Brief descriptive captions
::::::::
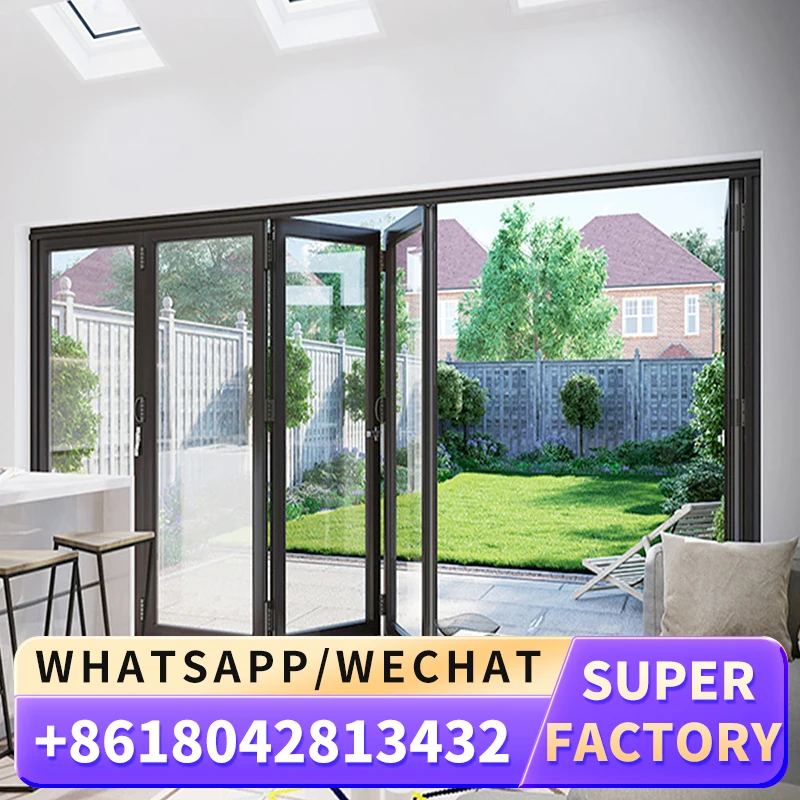 Bifold Door Hardware Kit Folding Wooden Door Sliding Barn Door Hardware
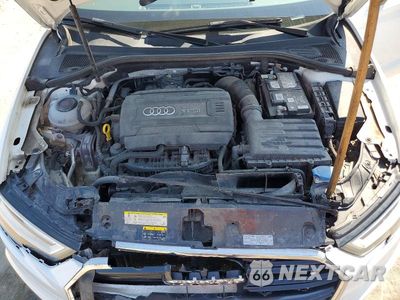 Zdjęcie 11 z 12 samochodu: 2019 AUDI A3 PREMIUM PLUS VIN:WAUJEGFF1KA089873 - miniatura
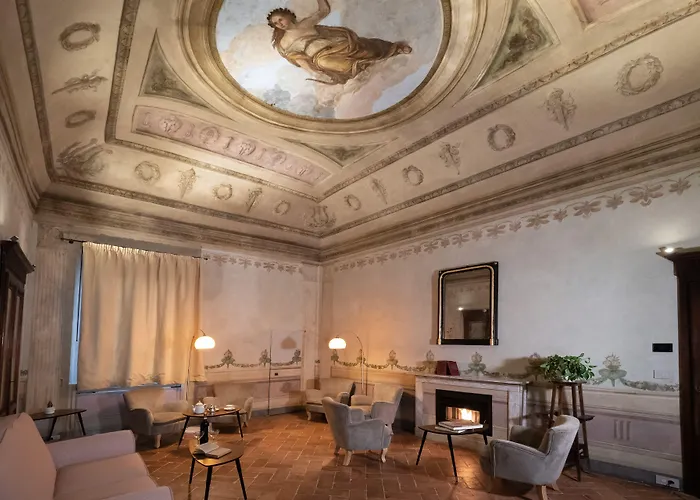 Delcorto Suites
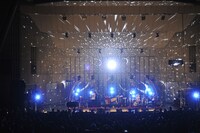 スチャダラパー「華麗なるワンツー」東京公演の様子。（撮影：三浦憲治）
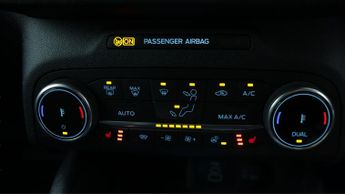 Ford Kuga ST-LINE X EDITION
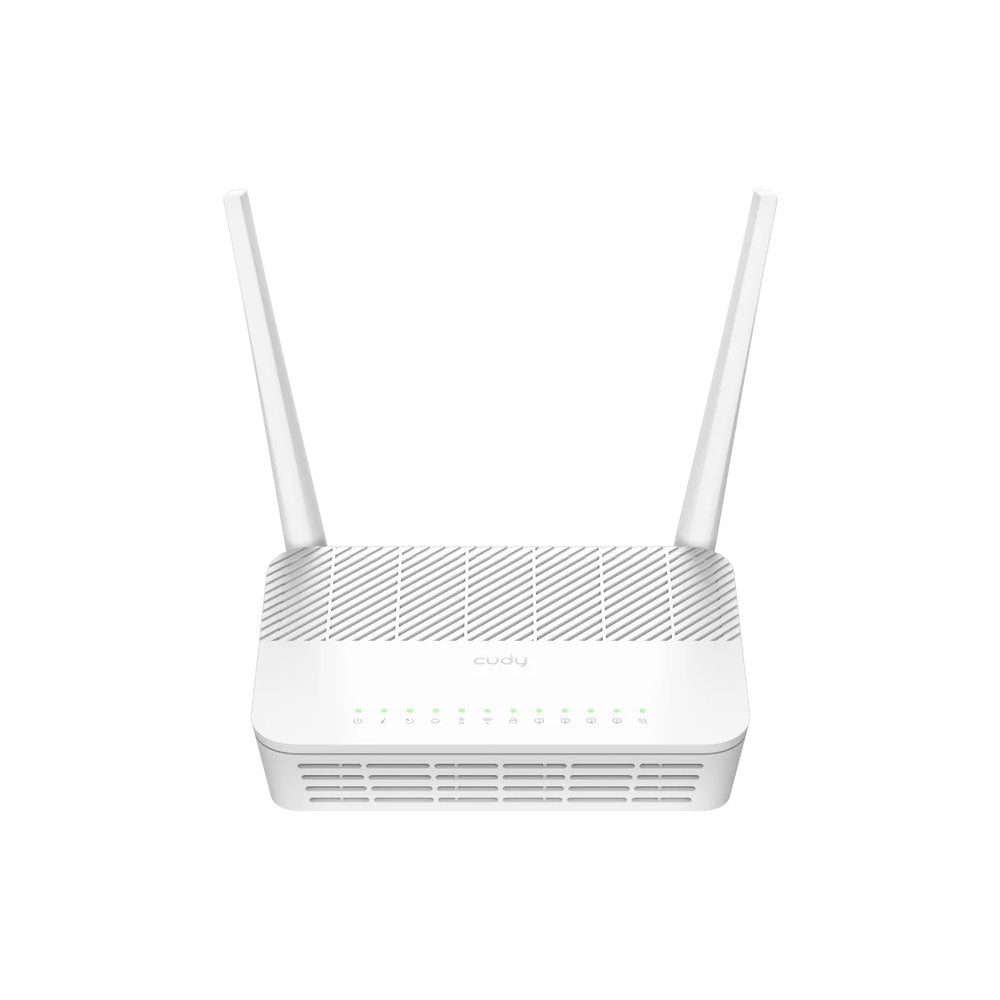 Routeur VoIP Wi-Fi GPON AC1200 - SECUROTOP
::::::::
What the task asks => What is needed is an exact printout of every record above, with the pictures left out.

Reply =>
 Bifold Door Hardware Kit Folding Wooden Door Sliding Barn Door Hardware
 Zdjęcie 11 z 12 samochodu: 2019 AUDI A3 PREMIUM PLUS VIN:WAUJEGFF1KA089873 - miniatura
 Delcorto Suites
 スチャダラパー「華麗なるワンツー」東京公演の様子。（撮影：三浦憲治）
 Ford Kuga ST-LINE X EDITION
 Routeur VoIP Wi-Fi GPON AC1200 - SECUROTOP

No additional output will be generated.